EDIT: or are they gigging/working?

Mr.OMuck:

--- Quote from: GhostRider on June 04, 2012, 12:41:03 PM ---There is something wrong here. Is this Jalopy in the middle of nowhere? A dump? Very expensive?

Here in Calgary (pop. 1,000,000) (hotbeds of sanity) we have an acoustic bluesman (Tim Williams) who plays every Tues. at a local small club. Every Tues. for now going on  four years. And he gets 20 to 40 people every week. Every week! That a talent like Paul can't get 20 folks for a one off is wrong. Something else is in play here. Has this Jalopy heard of promotion. Is all of NYC into hippity-hop?

Alex

--- End quote ---

Middle of nowhere is pretty much the problem I'm afraid.
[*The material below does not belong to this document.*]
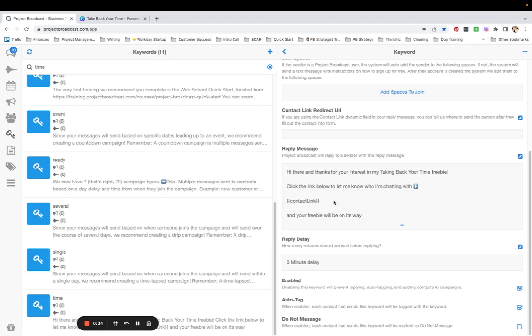So what we're going to do is I said I would send them my freebie as soon as they let me know who they are. So I want to put a redirect URL that takes them to my freebie.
A very long hike from the nearest subway through some forbidding streets.

cheapfeet:
What's that old Real Estate mantra . . . location, location, location.
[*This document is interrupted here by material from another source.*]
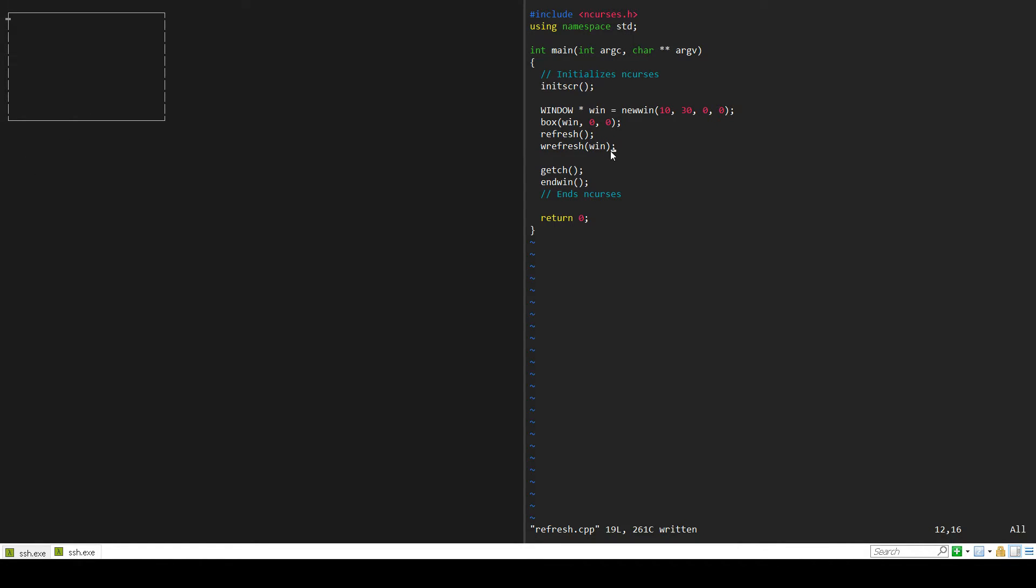You only want to refresh the window where things are changing. If something's changing in a window and the other windows don't need to be refreshed, you really only want to refresh the specific window where things are changing. If you're refreshing every window every time even if a change is only in one screen, that's just going to add more code and more latency time. You want to minimize how often you're refreshing because adding stuff to the screen can be intensive on your processor if you do it too much.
House concerts are a way to go. There's a touring route for folk musicians in Canada called Home Routes or something & it's basically a series of private homes across this great big country that host shows. It's quality controlled I think, you don't get booked if you can't play, but several of my friends have done it & they make money. You just go from home to home, host usually feeds & keeps the musicians. Paul should be able to not travel very far along the east coast have a good amount of work, damn I don't get this business!

GhostRider:

--- Quote from: cheapfeet on June 04, 2012, 01:22:09 PM ---Strange the younger crowd aren't showing up for these gigs, I wonder why that is. Probably my generation has a tendency to worship the 78 era players too much, to the detriment of those from the revival period who kept & keep the music alive?

--- End quote ---

I respectfully don't think that this is the case. The young people exposed to this music in my experiance  become instant fans IF The performing artist is an engaging personality. The one I'm thinking of goes out of his way to humorize between songs, often to point out the double entendre elements beforehand and to sketch out the artists. And no bowderization! He does a lot of  covers of 20'-30's blues folks, and I don't see that in and of itself turning off the younguns. I've actually seen 20-somethings get up to dance spontaniously (both times to Aberdeen Mississippi Blues). Too cool!

Alex

Eric Hubbard:
Maybe New Yorkers are jaded?  A couple of years ago, I drove to Fallon, Nevada, an hour east from my home in Reno, to see Rory Block.  Fallon's main industry is growing alfalfa, has a population of 7,300, and the nearest town in the other direction is 110 miles to the east with a population of 192.  There were 300 people there: cowboys, farmers, other locals, a few folks from Reno.  Rory killed 'em.  Told Son House stories. Brought a local kid up to sing a duet, had a q&a with the audience, and people were lined up to buy her CD.  Go figure.